TASK TO COMPLETE: All pictures are to be omitted while the lines starting at the line with "ГДЗ (Решебник №2)" and ending at the line with "Грунт для аквариума" in the material below are retyped exactly, both ends included.

SUPPLIED RECORDS:
Start of Block

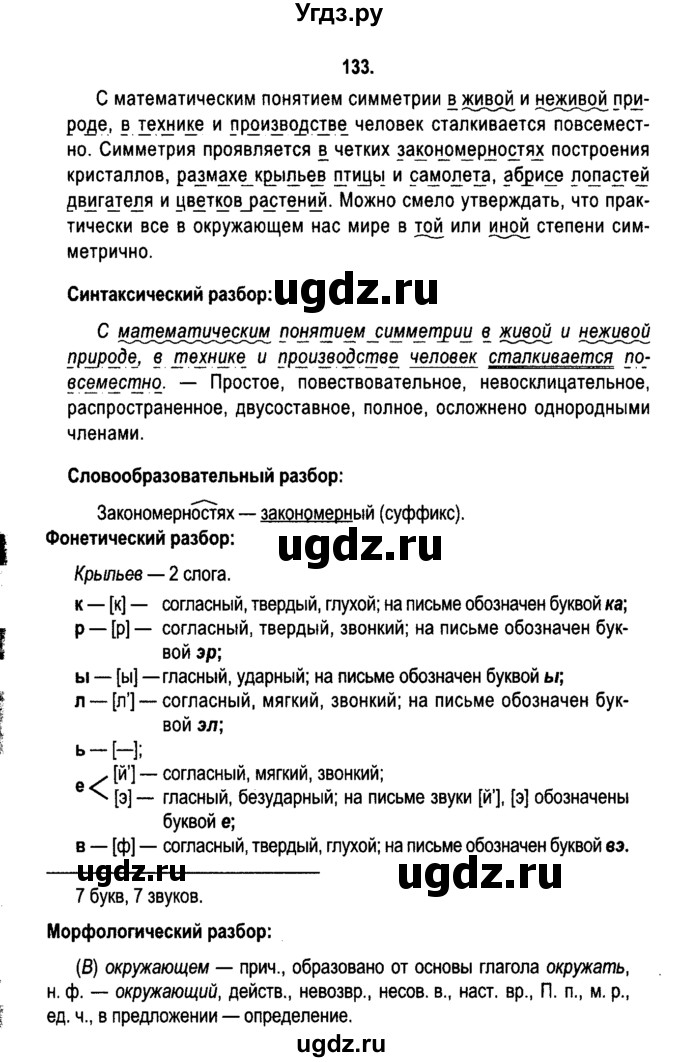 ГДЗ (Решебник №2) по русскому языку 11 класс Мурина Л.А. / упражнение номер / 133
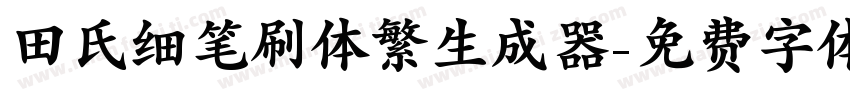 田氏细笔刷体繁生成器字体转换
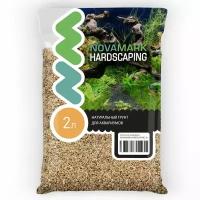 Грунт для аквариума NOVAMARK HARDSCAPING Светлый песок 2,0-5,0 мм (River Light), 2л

End of Block
Start of Block

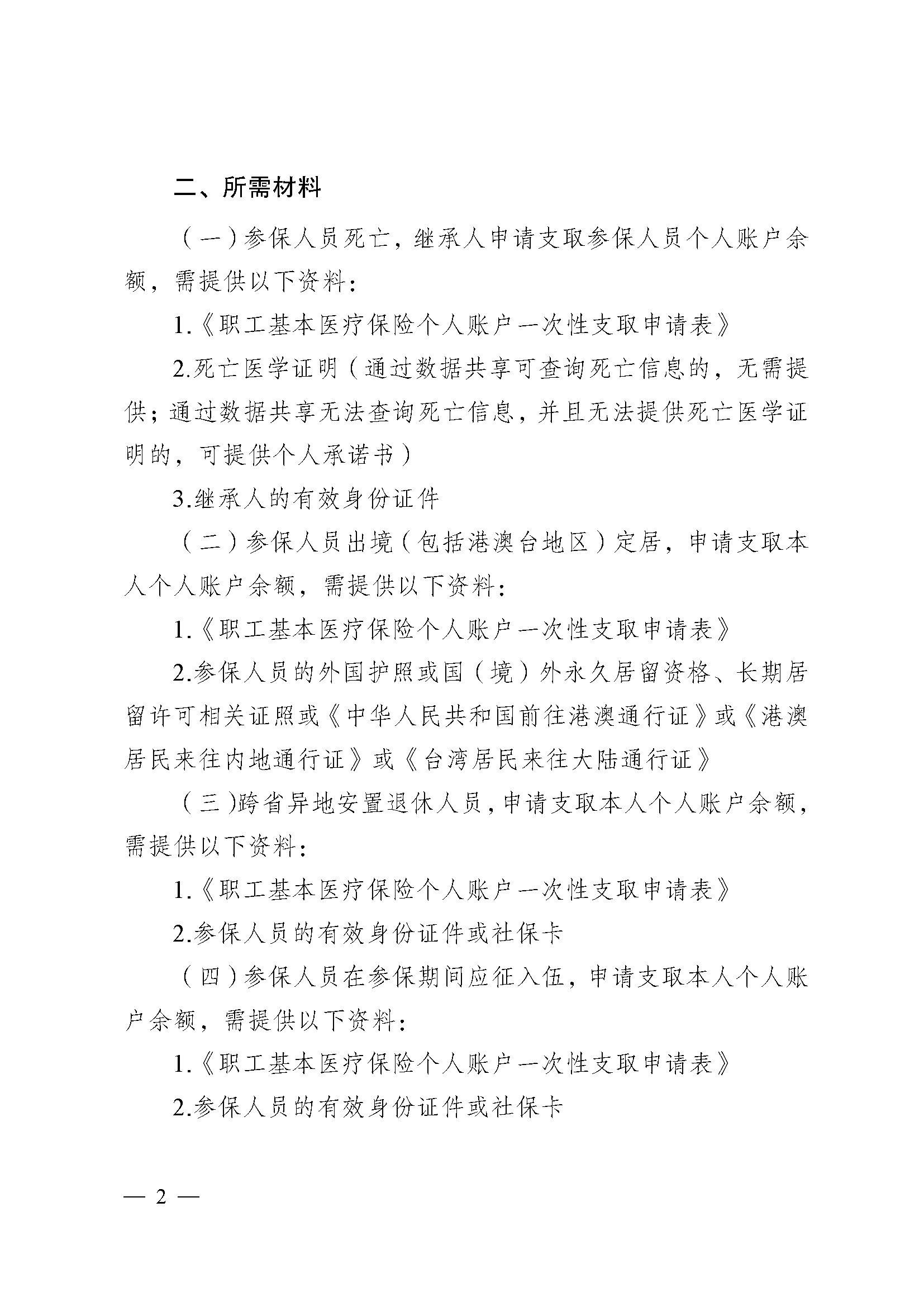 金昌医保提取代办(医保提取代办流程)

End of Block
Start of Block

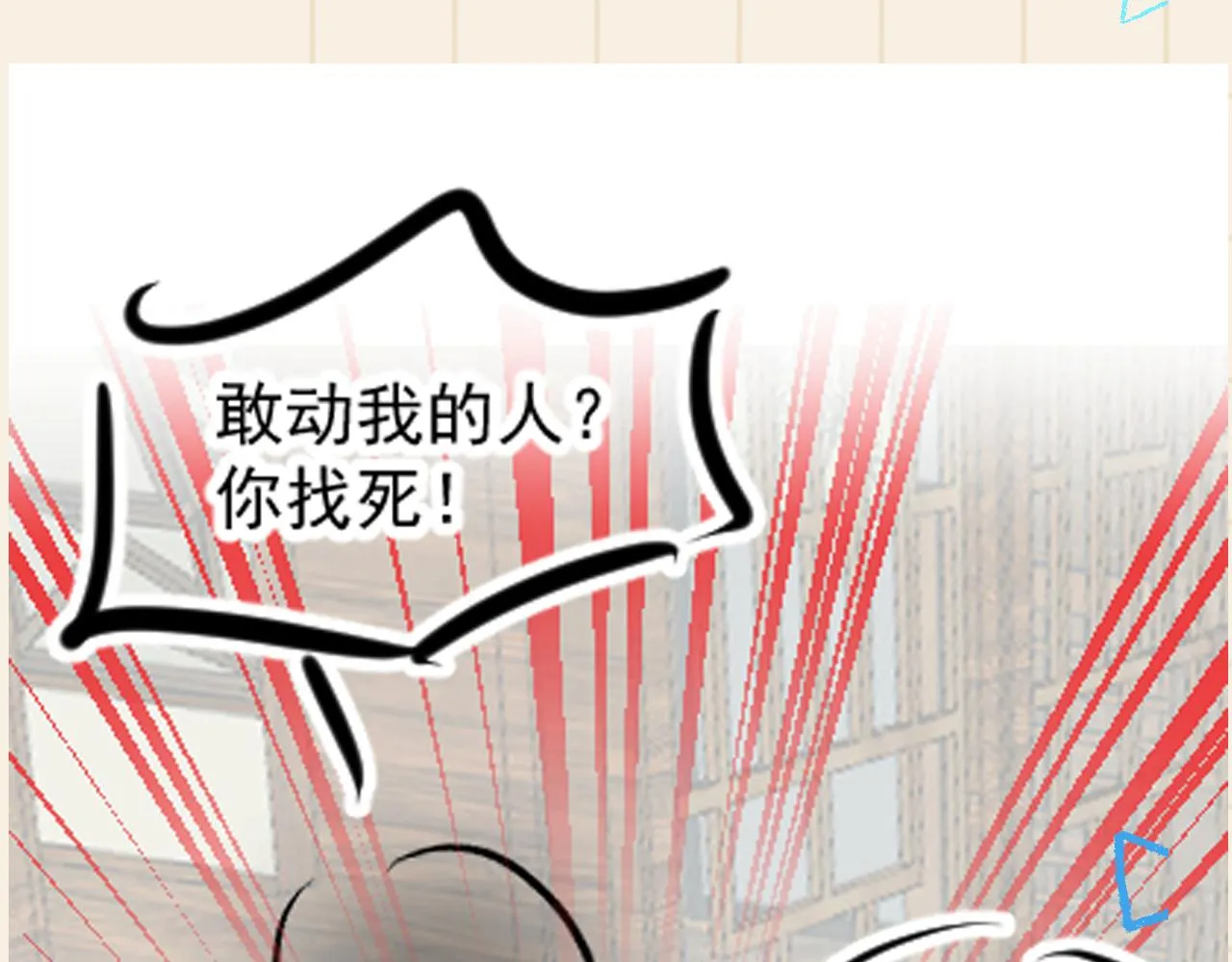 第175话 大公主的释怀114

End of Block

RESULT FOR THIS EXERCISE:
 ГДЗ (Решебник №2) по русскому языку 11 класс Мурина Л.А. / упражнение номер / 133
 田氏细笔刷体繁生成器字体转换
 Грунт для аквариума NOVAMARK HARDSCAPING Светлый песок 2,0-5,0 мм (River Light), 2л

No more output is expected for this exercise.